Excerpts from a dataset
━━━

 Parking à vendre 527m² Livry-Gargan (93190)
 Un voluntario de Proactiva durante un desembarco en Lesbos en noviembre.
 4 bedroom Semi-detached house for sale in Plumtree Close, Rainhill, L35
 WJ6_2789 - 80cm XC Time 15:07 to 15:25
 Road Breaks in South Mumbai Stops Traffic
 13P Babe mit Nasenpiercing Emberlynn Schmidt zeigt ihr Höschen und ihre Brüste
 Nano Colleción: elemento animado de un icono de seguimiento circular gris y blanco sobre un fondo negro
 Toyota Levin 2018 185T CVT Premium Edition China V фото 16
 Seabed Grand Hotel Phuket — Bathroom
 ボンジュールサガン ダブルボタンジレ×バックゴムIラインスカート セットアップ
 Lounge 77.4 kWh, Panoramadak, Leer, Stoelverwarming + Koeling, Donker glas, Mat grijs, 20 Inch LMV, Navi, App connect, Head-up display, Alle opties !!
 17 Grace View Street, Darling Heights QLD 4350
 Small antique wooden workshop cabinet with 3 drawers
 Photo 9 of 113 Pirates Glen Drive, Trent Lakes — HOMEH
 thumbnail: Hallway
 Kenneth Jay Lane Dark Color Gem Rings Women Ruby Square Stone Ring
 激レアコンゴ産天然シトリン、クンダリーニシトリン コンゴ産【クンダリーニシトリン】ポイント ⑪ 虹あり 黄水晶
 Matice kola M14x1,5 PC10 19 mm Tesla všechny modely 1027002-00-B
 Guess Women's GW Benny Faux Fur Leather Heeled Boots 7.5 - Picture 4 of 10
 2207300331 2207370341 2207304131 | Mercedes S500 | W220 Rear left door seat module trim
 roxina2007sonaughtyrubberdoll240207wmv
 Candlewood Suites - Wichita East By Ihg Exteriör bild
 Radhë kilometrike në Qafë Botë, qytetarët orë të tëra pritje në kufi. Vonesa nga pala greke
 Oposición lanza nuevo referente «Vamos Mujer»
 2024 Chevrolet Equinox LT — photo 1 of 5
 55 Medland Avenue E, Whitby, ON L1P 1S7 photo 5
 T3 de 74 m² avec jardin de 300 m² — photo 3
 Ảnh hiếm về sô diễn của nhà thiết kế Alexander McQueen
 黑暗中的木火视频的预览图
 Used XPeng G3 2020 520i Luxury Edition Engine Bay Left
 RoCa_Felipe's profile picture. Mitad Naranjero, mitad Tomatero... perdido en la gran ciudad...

━━━

▶ **Task description**
The records above are to be duplicated exactly, every one of them.

▶ **Problem solution**
 Parking à vendre 527m² Livry-Gargan (93190)
 Un voluntario de Proactiva durante un desembarco en Lesbos en noviembre.
 4 bedroom Semi-detached house for sale in Plumtree Close, Rainhill, L35
 WJ6_2789 - 80cm XC Time 15:07 to 15:25
 Road Breaks in South Mumbai Stops Traffic
 13P Babe mit Nasenpiercing Emberlynn Schmidt zeigt ihr Höschen und ihre Brüste
 Nano Colleción: elemento animado de un icono de seguimiento circular gris y blanco sobre un fondo negro
 Toyota Levin 2018 185T CVT Premium Edition China V фото 16
 Seabed Grand Hotel Phuket — Bathroom
 ボンジュールサガン ダブルボタンジレ×バックゴムIラインスカート セットアップ
 Lounge 77.4 kWh, Panoramadak, Leer, Stoelverwarming + Koeling, Donker glas, Mat grijs, 20 Inch LMV, Navi, App connect, Head-up display, Alle opties !!
 17 Grace View Street, Darling Heights QLD 4350
 Small antique wooden workshop cabinet with 3 drawers
 Photo 9 of 113 Pirates Glen Drive, Trent Lakes — HOMEH
 thumbnail: Hallway
 Kenneth Jay Lane Dark Color Gem Rings Women Ruby Square Stone Ring
 激レアコンゴ産天然シトリン、クンダリーニシトリン コンゴ産【クンダリーニシトリン】ポイント ⑪ 虹あり 黄水晶
 Matice kola M14x1,5 PC10 19 mm Tesla všechny modely 1027002-00-B
 Guess Women's GW Benny Faux Fur Leather Heeled Boots 7.5 - Picture 4 of 10
 2207300331 2207370341 2207304131 | Mercedes S500 | W220 Rear left door seat module trim
 roxina2007sonaughtyrubberdoll240207wmv
 Candlewood Suites - Wichita East By Ihg Exteriör bild
 Radhë kilometrike në Qafë Botë, qytetarët orë të tëra pritje në kufi. Vonesa nga pala greke
 Oposición lanza nuevo referente «Vamos Mujer»
 2024 Chevrolet Equinox LT — photo 1 of 5
 55 Medland Avenue E, Whitby, ON L1P 1S7 photo 5
 T3 de 74 m² avec jardin de 300 m² — photo 3
 Ảnh hiếm về sô diễn của nhà thiết kế Alexander McQueen
 黑暗中的木火视频的预览图
 Used XPeng G3 2020 520i Luxury Edition Engine Bay Left
 RoCa_Felipe's profile picture. Mitad Naranjero, mitad Tomatero... perdido en la gran ciudad...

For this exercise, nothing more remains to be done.